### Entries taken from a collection
..........

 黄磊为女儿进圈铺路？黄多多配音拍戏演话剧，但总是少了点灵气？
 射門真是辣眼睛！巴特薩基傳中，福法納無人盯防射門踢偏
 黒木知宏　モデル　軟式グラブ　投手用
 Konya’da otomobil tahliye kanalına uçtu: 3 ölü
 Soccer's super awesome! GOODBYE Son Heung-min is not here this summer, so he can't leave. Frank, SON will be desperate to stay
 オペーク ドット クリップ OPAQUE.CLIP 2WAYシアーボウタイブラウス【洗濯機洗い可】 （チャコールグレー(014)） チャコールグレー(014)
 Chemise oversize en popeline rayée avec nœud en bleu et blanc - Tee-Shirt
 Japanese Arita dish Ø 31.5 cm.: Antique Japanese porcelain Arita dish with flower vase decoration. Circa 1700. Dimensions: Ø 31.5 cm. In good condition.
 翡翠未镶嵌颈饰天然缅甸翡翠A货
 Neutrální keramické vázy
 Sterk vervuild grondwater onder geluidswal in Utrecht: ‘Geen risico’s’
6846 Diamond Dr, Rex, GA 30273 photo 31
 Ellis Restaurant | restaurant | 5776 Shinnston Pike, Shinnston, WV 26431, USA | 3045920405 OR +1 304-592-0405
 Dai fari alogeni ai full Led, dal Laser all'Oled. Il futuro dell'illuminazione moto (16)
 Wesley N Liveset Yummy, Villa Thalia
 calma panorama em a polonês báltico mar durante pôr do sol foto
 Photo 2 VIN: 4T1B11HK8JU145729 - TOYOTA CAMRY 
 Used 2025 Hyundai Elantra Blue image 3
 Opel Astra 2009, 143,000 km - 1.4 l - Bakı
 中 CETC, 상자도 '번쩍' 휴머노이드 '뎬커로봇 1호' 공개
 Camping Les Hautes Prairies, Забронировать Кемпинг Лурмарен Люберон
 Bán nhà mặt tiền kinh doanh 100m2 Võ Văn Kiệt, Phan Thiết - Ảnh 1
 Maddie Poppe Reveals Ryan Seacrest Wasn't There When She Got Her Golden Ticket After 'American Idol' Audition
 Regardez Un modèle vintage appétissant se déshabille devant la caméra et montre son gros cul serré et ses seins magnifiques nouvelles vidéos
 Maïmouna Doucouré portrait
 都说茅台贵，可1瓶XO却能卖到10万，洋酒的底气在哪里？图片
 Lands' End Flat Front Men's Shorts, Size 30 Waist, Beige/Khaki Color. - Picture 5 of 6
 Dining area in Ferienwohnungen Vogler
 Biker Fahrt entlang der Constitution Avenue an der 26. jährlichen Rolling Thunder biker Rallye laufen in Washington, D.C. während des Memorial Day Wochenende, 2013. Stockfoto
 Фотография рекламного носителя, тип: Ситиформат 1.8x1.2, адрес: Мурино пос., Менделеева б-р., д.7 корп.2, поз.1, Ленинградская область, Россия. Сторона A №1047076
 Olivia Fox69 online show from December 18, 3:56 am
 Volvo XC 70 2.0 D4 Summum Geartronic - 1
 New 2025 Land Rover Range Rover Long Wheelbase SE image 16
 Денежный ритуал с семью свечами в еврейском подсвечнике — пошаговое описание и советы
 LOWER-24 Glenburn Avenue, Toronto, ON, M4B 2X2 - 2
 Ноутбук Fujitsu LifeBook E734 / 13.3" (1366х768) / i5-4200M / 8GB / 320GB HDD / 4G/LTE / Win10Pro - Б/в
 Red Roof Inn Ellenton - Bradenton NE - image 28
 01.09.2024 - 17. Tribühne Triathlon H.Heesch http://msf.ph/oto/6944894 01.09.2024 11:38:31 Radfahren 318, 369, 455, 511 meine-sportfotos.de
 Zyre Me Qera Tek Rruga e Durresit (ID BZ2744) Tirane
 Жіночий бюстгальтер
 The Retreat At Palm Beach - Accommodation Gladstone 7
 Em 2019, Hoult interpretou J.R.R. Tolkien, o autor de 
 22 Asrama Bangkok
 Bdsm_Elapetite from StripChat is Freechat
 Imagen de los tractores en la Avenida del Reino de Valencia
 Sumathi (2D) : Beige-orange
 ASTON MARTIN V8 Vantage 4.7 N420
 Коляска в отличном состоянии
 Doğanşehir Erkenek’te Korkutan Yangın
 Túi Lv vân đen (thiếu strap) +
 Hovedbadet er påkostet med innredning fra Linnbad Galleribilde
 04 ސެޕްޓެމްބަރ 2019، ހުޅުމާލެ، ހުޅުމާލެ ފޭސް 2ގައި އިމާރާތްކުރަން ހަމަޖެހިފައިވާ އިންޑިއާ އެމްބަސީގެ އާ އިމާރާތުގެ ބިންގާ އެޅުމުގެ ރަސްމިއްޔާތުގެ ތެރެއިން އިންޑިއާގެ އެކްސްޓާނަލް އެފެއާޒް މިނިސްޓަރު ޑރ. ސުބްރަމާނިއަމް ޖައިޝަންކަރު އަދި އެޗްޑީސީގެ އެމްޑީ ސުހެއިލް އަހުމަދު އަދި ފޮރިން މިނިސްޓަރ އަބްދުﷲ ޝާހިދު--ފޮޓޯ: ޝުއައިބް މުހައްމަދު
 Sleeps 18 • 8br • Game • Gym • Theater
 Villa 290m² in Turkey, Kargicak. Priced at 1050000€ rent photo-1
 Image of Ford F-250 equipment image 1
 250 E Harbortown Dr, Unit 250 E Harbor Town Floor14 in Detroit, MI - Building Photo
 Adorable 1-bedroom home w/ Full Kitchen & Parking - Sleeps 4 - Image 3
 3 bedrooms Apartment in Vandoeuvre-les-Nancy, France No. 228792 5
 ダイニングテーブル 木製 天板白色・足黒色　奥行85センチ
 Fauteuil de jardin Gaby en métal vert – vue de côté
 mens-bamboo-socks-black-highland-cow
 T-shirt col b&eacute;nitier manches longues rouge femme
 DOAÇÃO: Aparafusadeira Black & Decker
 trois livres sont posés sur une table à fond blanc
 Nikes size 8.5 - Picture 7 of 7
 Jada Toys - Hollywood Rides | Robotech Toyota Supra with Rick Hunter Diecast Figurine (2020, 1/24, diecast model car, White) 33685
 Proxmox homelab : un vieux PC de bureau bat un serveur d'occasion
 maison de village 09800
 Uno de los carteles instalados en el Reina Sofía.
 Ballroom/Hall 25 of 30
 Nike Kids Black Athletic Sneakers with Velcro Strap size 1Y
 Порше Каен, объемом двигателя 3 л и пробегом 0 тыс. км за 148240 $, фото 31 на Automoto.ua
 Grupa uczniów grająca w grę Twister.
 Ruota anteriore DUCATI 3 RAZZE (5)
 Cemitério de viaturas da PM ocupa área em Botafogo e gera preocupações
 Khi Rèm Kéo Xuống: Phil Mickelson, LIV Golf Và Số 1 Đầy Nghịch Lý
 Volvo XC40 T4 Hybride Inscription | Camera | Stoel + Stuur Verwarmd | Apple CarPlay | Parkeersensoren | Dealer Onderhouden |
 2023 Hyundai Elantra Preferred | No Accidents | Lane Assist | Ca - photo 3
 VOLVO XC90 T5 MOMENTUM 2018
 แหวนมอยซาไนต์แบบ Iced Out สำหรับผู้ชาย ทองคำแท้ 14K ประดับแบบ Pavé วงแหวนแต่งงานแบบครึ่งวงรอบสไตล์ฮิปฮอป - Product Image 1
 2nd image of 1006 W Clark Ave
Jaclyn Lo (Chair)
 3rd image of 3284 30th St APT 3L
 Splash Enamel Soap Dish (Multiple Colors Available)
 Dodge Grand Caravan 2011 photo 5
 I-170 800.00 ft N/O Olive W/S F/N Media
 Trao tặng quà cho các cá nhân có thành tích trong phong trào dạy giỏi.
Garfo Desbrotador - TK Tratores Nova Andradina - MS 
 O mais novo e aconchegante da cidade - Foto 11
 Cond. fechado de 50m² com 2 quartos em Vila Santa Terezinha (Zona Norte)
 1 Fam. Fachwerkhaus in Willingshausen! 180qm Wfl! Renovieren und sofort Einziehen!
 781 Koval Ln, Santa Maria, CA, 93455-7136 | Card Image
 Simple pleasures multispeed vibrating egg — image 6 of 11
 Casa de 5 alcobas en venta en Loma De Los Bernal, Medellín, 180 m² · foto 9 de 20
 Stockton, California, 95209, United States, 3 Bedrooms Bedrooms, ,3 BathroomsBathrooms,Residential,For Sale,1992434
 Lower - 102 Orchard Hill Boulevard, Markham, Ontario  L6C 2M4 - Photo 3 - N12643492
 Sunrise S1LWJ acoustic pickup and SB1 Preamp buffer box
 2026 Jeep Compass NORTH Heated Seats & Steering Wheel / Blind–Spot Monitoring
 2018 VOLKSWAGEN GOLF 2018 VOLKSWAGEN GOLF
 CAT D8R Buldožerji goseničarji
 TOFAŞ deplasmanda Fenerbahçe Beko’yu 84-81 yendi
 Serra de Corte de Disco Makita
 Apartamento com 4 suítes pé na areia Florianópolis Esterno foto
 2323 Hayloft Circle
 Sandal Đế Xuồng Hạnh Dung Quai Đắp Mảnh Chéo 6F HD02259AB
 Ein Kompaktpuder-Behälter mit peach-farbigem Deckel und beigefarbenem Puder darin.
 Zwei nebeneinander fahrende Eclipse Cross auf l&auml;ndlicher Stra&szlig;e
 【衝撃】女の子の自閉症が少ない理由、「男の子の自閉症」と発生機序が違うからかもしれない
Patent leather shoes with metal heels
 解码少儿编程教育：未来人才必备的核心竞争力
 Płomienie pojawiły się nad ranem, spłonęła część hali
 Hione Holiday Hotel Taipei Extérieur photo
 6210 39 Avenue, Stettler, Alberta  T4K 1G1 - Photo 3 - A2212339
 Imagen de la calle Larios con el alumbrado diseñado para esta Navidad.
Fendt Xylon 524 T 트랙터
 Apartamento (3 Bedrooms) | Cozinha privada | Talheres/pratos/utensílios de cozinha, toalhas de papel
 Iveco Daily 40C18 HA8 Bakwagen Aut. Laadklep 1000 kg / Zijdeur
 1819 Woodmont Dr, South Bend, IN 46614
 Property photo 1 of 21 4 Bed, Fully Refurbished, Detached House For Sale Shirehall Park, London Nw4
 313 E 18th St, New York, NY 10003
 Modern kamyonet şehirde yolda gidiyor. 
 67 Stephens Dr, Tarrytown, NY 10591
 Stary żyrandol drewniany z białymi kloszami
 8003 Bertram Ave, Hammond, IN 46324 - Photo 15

..........

### Work to complete
Please transcribe exactly the lines above from the line that has "Nike Kids Black" up to and including the line that has "CAT D8R Buldožerji goseničarji"; no other line belongs in the answer.

### Solution below
 Nike Kids Black Athletic Sneakers with Velcro Strap size 1Y
 Порше Каен, объемом двигателя 3 л и пробегом 0 тыс. км за 148240 $, фото 31 на Automoto.ua
 Grupa uczniów grająca w grę Twister.
 Ruota anteriore DUCATI 3 RAZZE (5)
 Cemitério de viaturas da PM ocupa área em Botafogo e gera preocupações
 Khi Rèm Kéo Xuống: Phil Mickelson, LIV Golf Và Số 1 Đầy Nghịch Lý
 Volvo XC40 T4 Hybride Inscription | Camera | Stoel + Stuur Verwarmd | Apple CarPlay | Parkeersensoren | Dealer Onderhouden |
 2023 Hyundai Elantra Preferred | No Accidents | Lane Assist | Ca - photo 3
 VOLVO XC90 T5 MOMENTUM 2018
 แหวนมอยซาไนต์แบบ Iced Out สำหรับผู้ชาย ทองคำแท้ 14K ประดับแบบ Pavé วงแหวนแต่งงานแบบครึ่งวงรอบสไตล์ฮิปฮอป - Product Image 1
 2nd image of 1006 W Clark Ave
Jaclyn Lo (Chair)
 3rd image of 3284 30th St APT 3L
 Splash Enamel Soap Dish (Multiple Colors Available)
 Dodge Grand Caravan 2011 photo 5
 I-170 800.00 ft N/O Olive W/S F/N Media
 Trao tặng quà cho các cá nhân có thành tích trong phong trào dạy giỏi.
Garfo Desbrotador - TK Tratores Nova Andradina - MS 
 O mais novo e aconchegante da cidade - Foto 11
 Cond. fechado de 50m² com 2 quartos em Vila Santa Terezinha (Zona Norte)
 1 Fam. Fachwerkhaus in Willingshausen! 180qm Wfl! Renovieren und sofort Einziehen!
 781 Koval Ln, Santa Maria, CA, 93455-7136 | Card Image
 Simple pleasures multispeed vibrating egg — image 6 of 11
 Casa de 5 alcobas en venta en Loma De Los Bernal, Medellín, 180 m² · foto 9 de 20
 Stockton, California, 95209, United States, 3 Bedrooms Bedrooms, ,3 BathroomsBathrooms,Residential,For Sale,1992434
 Lower - 102 Orchard Hill Boulevard, Markham, Ontario  L6C 2M4 - Photo 3 - N12643492
 Sunrise S1LWJ acoustic pickup and SB1 Preamp buffer box
 2026 Jeep Compass NORTH Heated Seats & Steering Wheel / Blind–Spot Monitoring
 2018 VOLKSWAGEN GOLF 2018 VOLKSWAGEN GOLF
 CAT D8R Buldožerji goseničarji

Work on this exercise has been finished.